Once we're in "The Sisters of Monelle" though, the tone changes. There are a number of short stories in fairy tale/parable form here, parts of which have been mined from already-existing tales, but which are clearly original and incredibly sad. Personally, for me, "The Fated" is the best story of them all, because it really highlights what Schwob is saying here, as does "The Dreamer," but read carefully, it's easy to see that they all reflect what Schwob had written in "The Words of Monelle."

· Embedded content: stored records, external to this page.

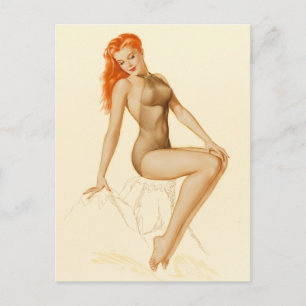 Rödhårig för Art Deco Pin Up Vykort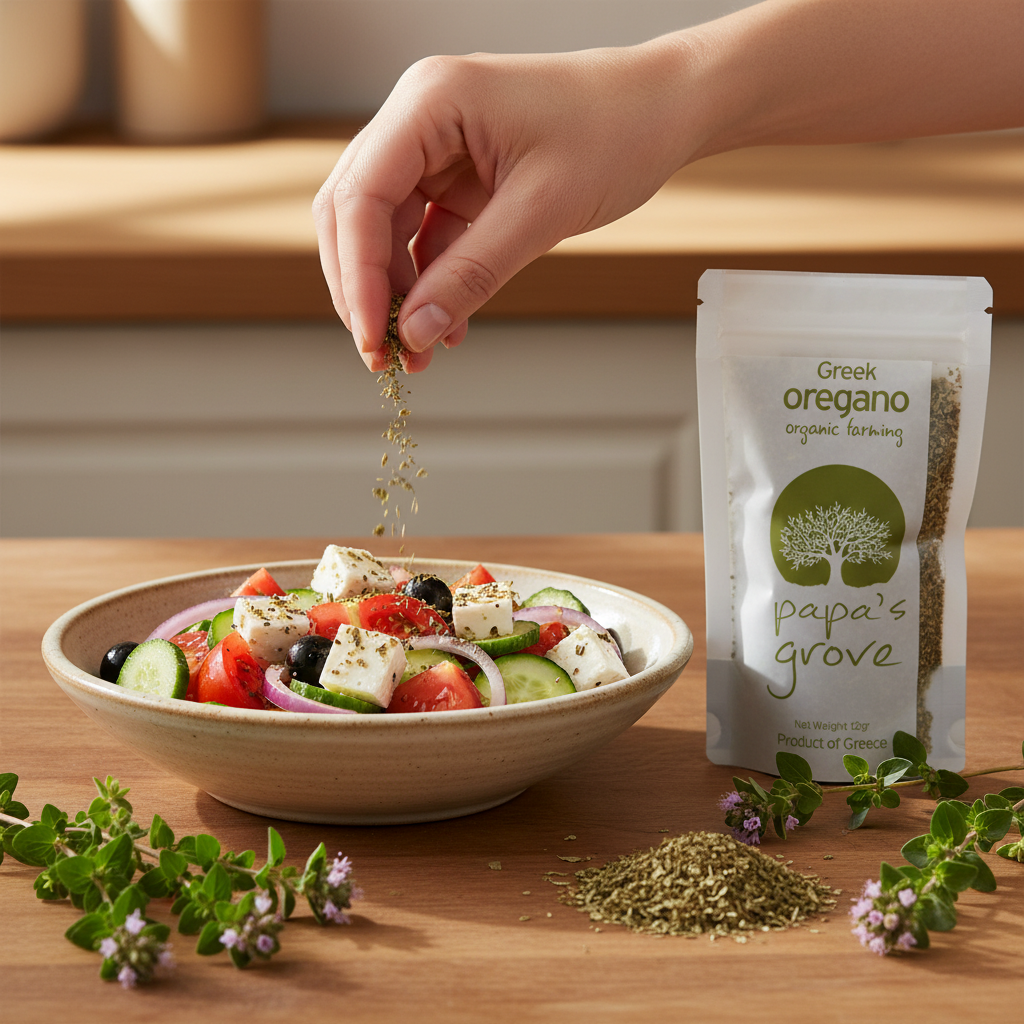 A hand sprinkles dried oregano leaves over a Greek salad in a beige bowl, with a stand-up pouch labeled 'Greek oregano Organic farming' by 'papa's grove' and loose oregano sprigs on a wooden table.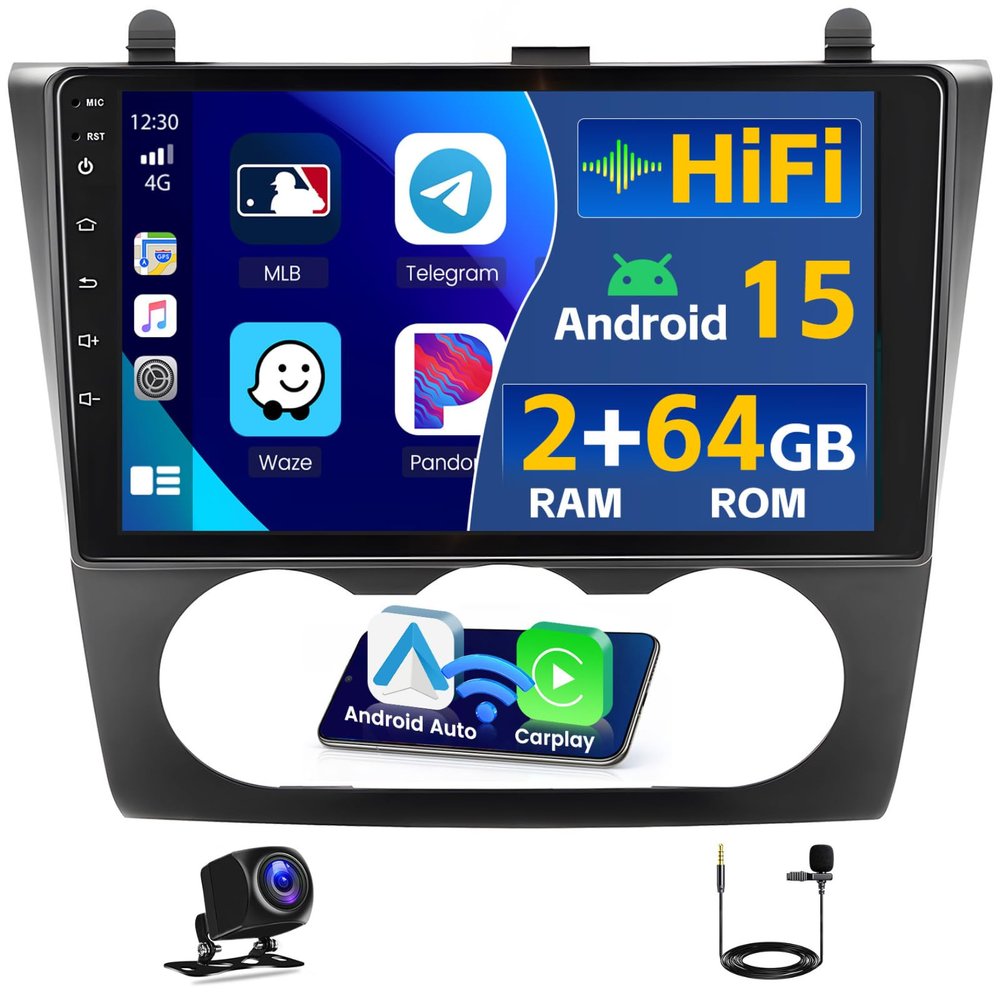 HiFi Android 15 Car Stereo for Nissan Altima 2008-2012 Manual A/C, [2+64G] Hikity 9 Touchscreen Car Radio Wireless CarPlay Android Auto Mirror Link Bluetooth/GPS/5G WiFi EQ/FM Radio Backup Cam Mic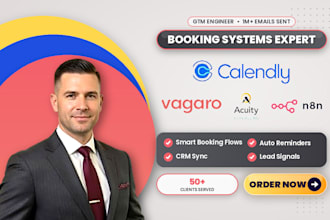 build and appointment booking system, calendly, acuity, vagaro n8n
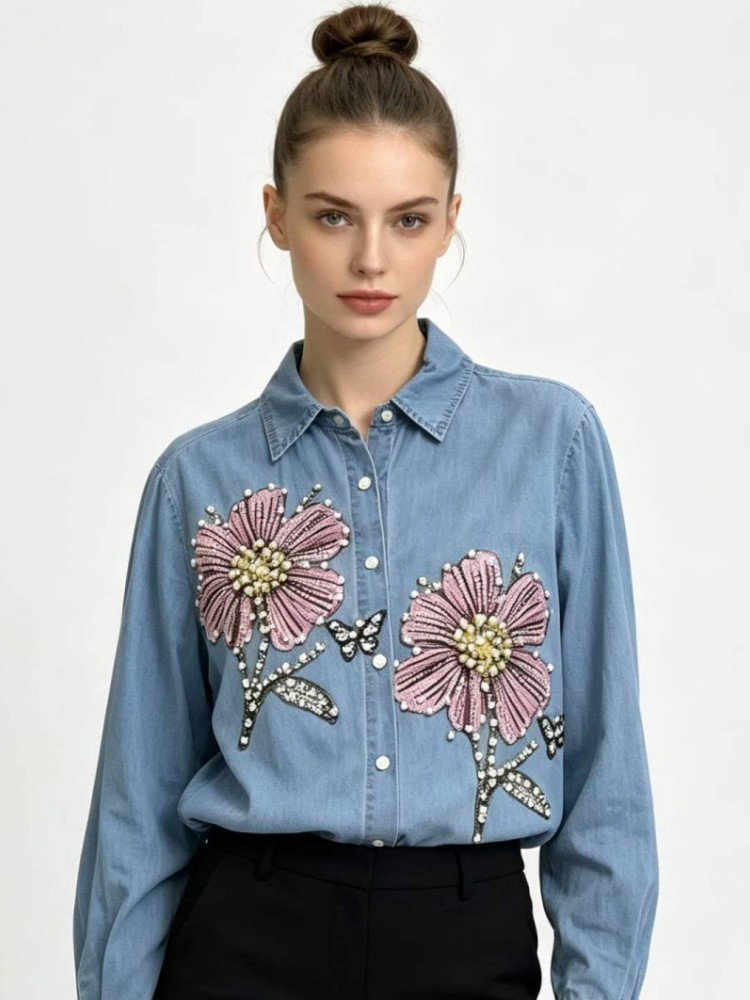بلوزات نسائية من الدنيم مطرزة  - مراجعة Embroidery Cotton Shirt وسعره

Part three is entitled "Monelle," which for me was the most gutwrenching part of this entire book, but strangely enough (and most gratefully, I have to say), it does end on a very brief note of hope. "Of Her Emergence" nearly had me in tears, and I was even worse off by the time I got to "Of Her Patience," where the narrator finds Monelle after having lost her only to be told that he cannot stay with her. "Of Her Emergence" begins with the narrator once again lost, in the dark, not knowing how he came to be where he is. It is there where he finds the "dim weak lights of the little lamp girl," who cannot sell her lamps to anyone except children. As she says,
"...the little lamps I sell don't last forever. Their flames wane, as if burdened by the dark rain. And when my little lamps go out, the children no longer see the glow in the mirror, and they despair. For they fear they won't be able to foresee the moment when they will start to grow up."That's sad enough, but when the little lamp girl and the narrator look into a mirror by the light of her lamp, he sees "well-known stories play out:"
"But the little lamp lied, lied, lied. I saw the feather rise up from Cordelia's lips; and she was smiling and convalescing; and she was living in an enormous cage like a bird with her old father, and she kissed his white beard. I saw Ophelia playing on the glassy surface of the pond, and wrapping her wet arms, garlanded with violets, around Hamlet's neck. I saw Desdemona, awoken, wandering beneath the willow trees. I saw the princess Maleine take her two hands off the eyes the eyes of the old king, and laugh, and dance. I saw Mélisande, freed, admiring herself in the fountain.
And I cried: 'Lying little lamp...' "I almost lost it right there, trying to fathom just how much pain this man must have been in while writing this book. The translator notes that as Louise was dying, he
"spoke to none of his friends of her, but retreated instead into a world of symbol and metaphor, at the center of which was Monelle."And really, I've never read such a personal, grief-filled book, but it makes sense that he wrote it. I've read tons of books about people trying to come to terms with loss, but there's something unique about this one. He also, I think, succeeded in keeping Louise alive here, making her immortal through Monelle, and she continues to live with every person who now reads this book. Jeez -- just read it.